─── Available data ───

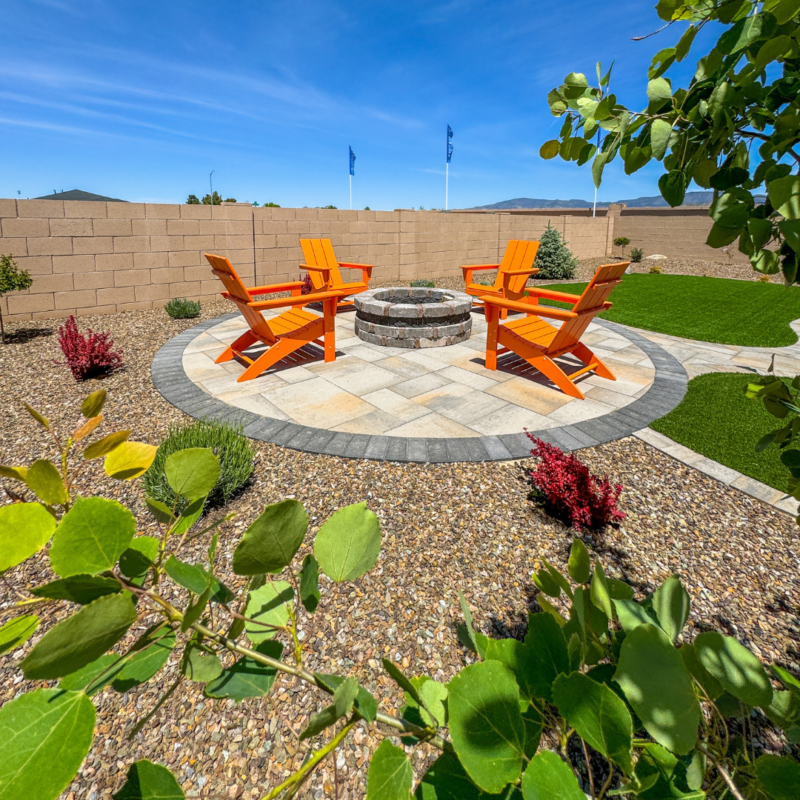 A backyard at Evermore Residence features a circular stone patio with a central fire pit and four bright orange Adirondack chairs. The yard is landscaped with gravel, lush greenery, red and green shrubs, and is surrounded by a tall stone wall. Clear blue sky in the background.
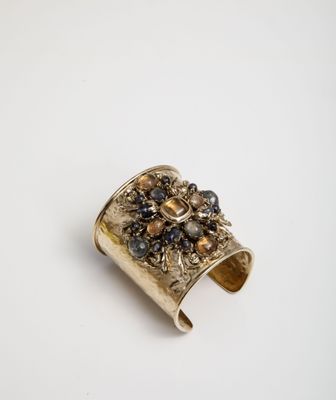 a close up of a gold ring with a flower design on it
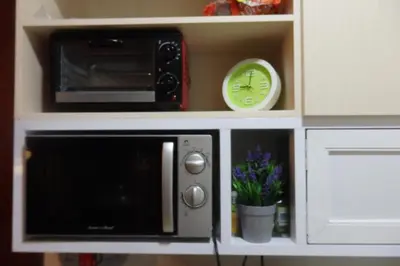a microwave in a cabinet with a clock and flowers at The Cube at 15th in Taytay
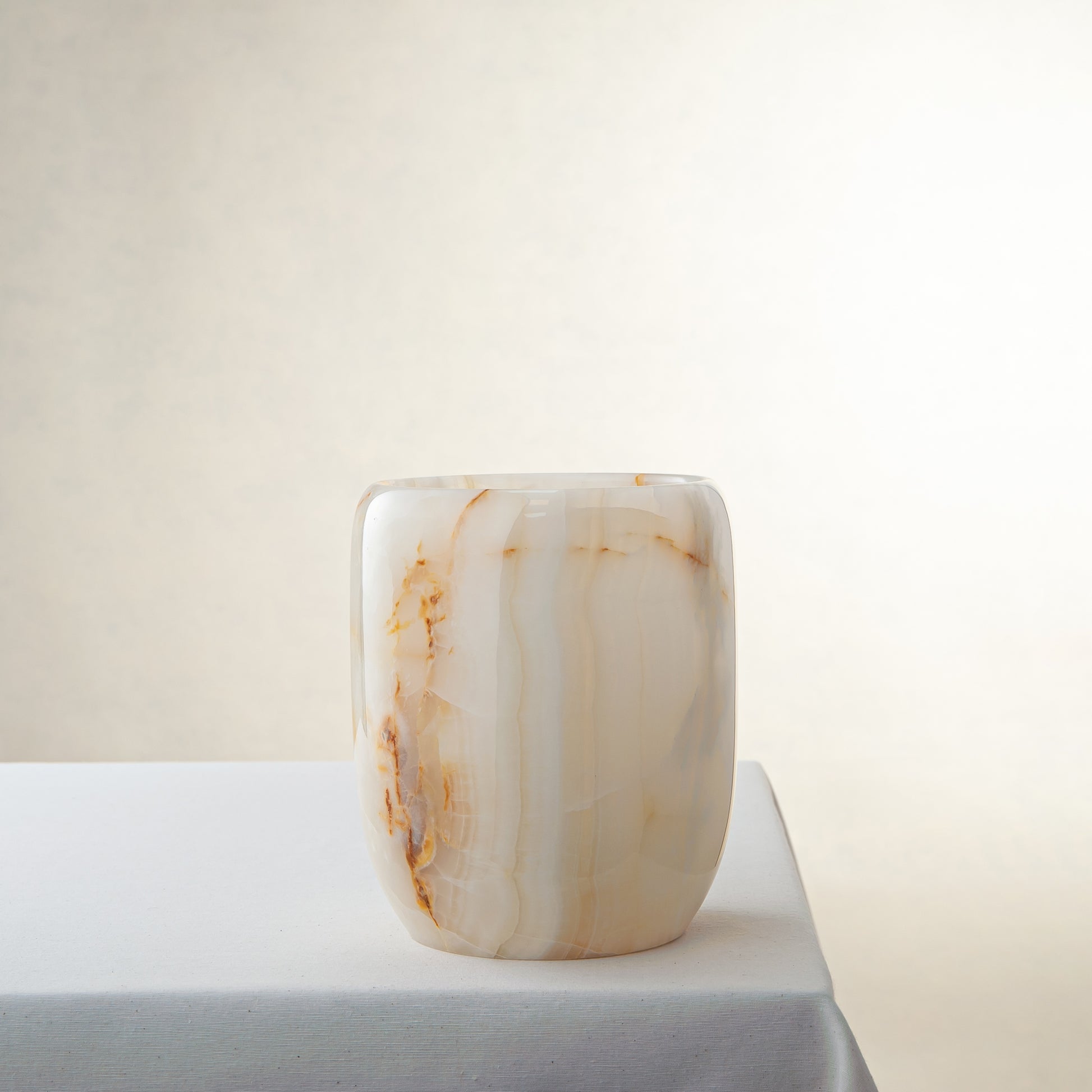 handcrafted onyx vase with ivory tones and soft honey veining for modern decor
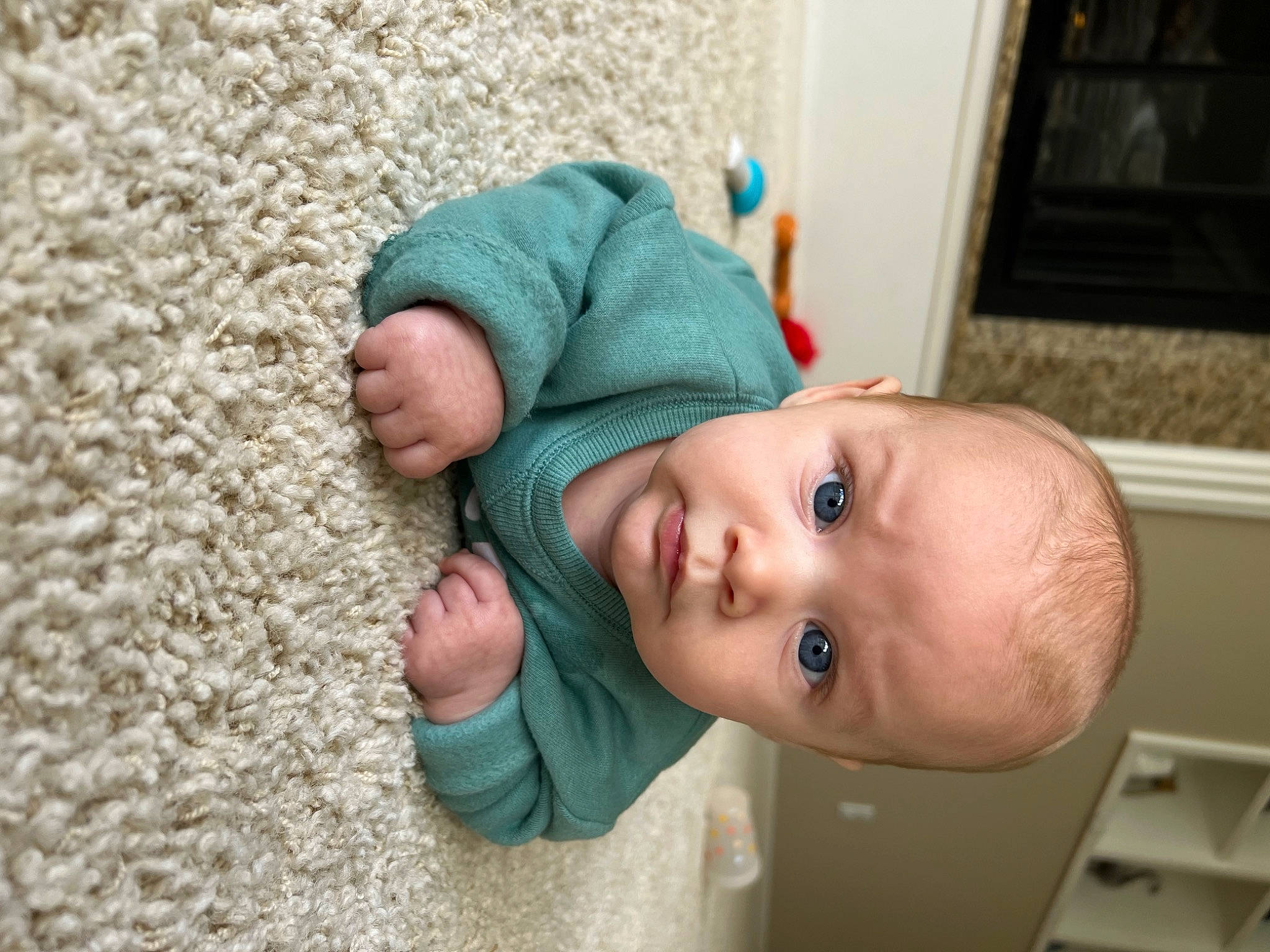 Bentley is registered to the contest to win money with this photo: baby, baby_toddler_clothing, cap, cheek, child, comfort, flooring, fur, happy, linens, lip, nose, person, portrait_photography, room, sitting, sleeve, smile, toddler, wood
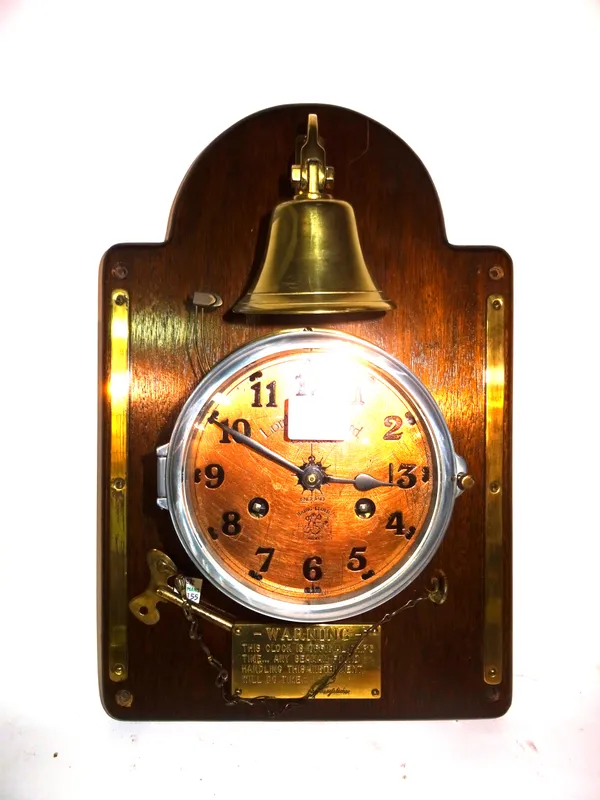 A 20th century 8 day brass porthole clock, 'Lord Kelvin Ltd', mounted on mahogany board with brass belt. E5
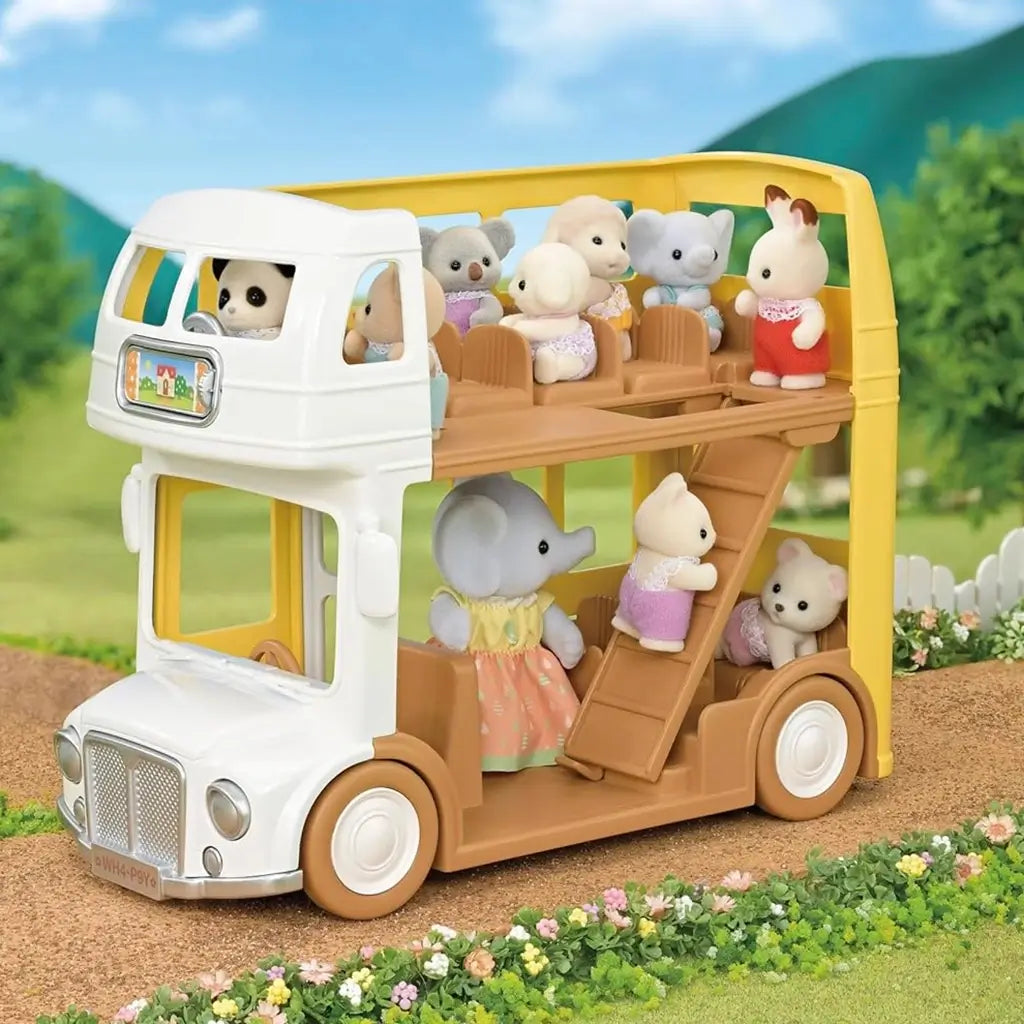Calico Critters yellow and white double-decker bus filled with small animal characters climbing stairs and sitting on brown seats, shown on a garden path surrounded by flowers and green hills.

───

● Exercise
Write out nothing but the lines from the one with "a close up of" through the last line of the entries, exactly as they stand; pictures are not part of the copy.

● Answer for this exercise
 a close up of a gold ring with a flower design on it
a microwave in a cabinet with a clock and flowers at The Cube at 15th in Taytay
 handcrafted onyx vase with ivory tones and soft honey veining for modern decor
 Bentley is registered to the contest to win money with this photo: baby, baby_toddler_clothing, cap, cheek, child, comfort, flooring, fur, happy, linens, lip, nose, person, portrait_photography, room, sitting, sleeve, smile, toddler, wood
 A 20th century 8 day brass porthole clock, 'Lord Kelvin Ltd', mounted on mahogany board with brass belt. E5
Calico Critters yellow and white double-decker bus filled with small animal characters climbing stairs and sitting on brown seats, shown on a garden path surrounded by flowers and green hills.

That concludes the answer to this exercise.